One line in particular--"...many find themselves compelled by the meagerness of the assistance to shun opportunity and forgo productivity in favor of a ceaseless focus on daily survival," struck me as encapsulating a central issue on the matter of aid; namely, how does one help those in need without de-incentiving recipients from engaging in subsequent productive activity?

The Rolling Stone piece suggests that more aid is needed:

"When welfare applicants finally prove that they exist, and show their material worth to be nothing, they usually receive far less than they need to live on. That's what happened to Curtis and Concita Cates. The maximum amount of aid that a single adult is eligible for in Santa Barbara, they learned, is $291 per month – $200 in food stamps, $91 in cash assistance. The waiting time for Section 8 housing, if you have priority status, is six months to a year. If you belong to the vast majority who don't have priority status – if you're not elderly, disabled or a veteran with dependents – the wait is between four and eight years" (source).

At base, the reason seems to be because too little aid doesn't give recipients enough lee-way to make ends meet while they seek more productive pursuits. As quoted earlier, their focus remains on "survival" more than anything else.

Yet give too much assitance--whatever that is--and under certain circumstance remaining on aid may become more profitable than other, perhaps more productive, activities. How does one draw the line on how much to help?

I don't know the answer, but the Rolling Stone piece suggests what can happen when aid is insufficient. People can (and often do) get stuck on mere survival, and barring a major turn in fortune, remain more or less so for a while. As one person in the article remarked, "'Homelessness gets in your bloodstream...and it stays there forever.'"

This issue highlights a point we considered in an earlier post regarding the value of failure, and its role in developing a persistent, resilient character. In the earlier post, a major take-away focused on the important balance between challenge and support in using difficult circumstances to cultivate resilience; you grow as a person when you overcome a difficult circumstance, but some circumstances are simply too much without support. Proportioned just so, sufficient support can potentially do a world of good for a person in need. But there is also the possibility of too much support, for if a person never faces any challenges, they never learn how to bounce back. That was my conclusion anyway, after reading two articles which became the focus of that earlier post; you need challenge to grow, to learn how to fail and come back stronger, but some trials require proportioned assistance to give the experience its full utility. A failure that destroys does not strengthen a person anymore than a workout that kills the organism involved.

On a grand scale, striking that balance seems to be one task of Federal aid services, and it's clearly failing at times. The Rolling Stone piece shows where it comes up short, while various news-stories regarding welfare fraud and the like show where it perhaps goes too far. It's a difficult problem in no mistake, and as I said above I don't know how it can be fixed. The challenges our country (and our world) face today could break us all. Yet they could also be the challenges that bring out the best in us.

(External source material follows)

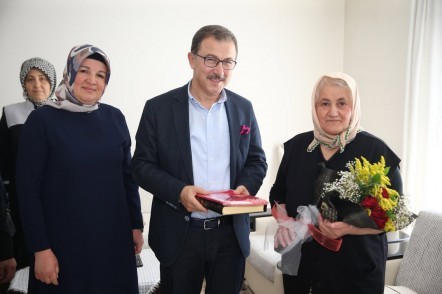 Eyüpsultan Belediye Başkanı Deniz Köken, Ramazan, şehit aile, ziyaret, anneler günü Eyüpsultan Belediye Başkanı Deniz Köken, Ramazan, şehit aile, ziyaret, anneler günü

The right kind of support may just make all the difference.

Happy Wednesday, friends :)

1 comment:

  1. I thought this was a very poorly-reported, inflammatory article, regardless of my sympathy for the homeless in general. It irritates me to see a national magazine printing page after page of completely unverified complaints from a handful of people, then using their complaints to argue that we need to expand and liberalize the welfare system. Did you happen to wonder how $200 in food stamps "supplied only a fraction of [the] nutritional needs" of a single female, such that she had to forage and was considering dumpster diving? And not to be catty, but in that photo she definitely did not look undernourished.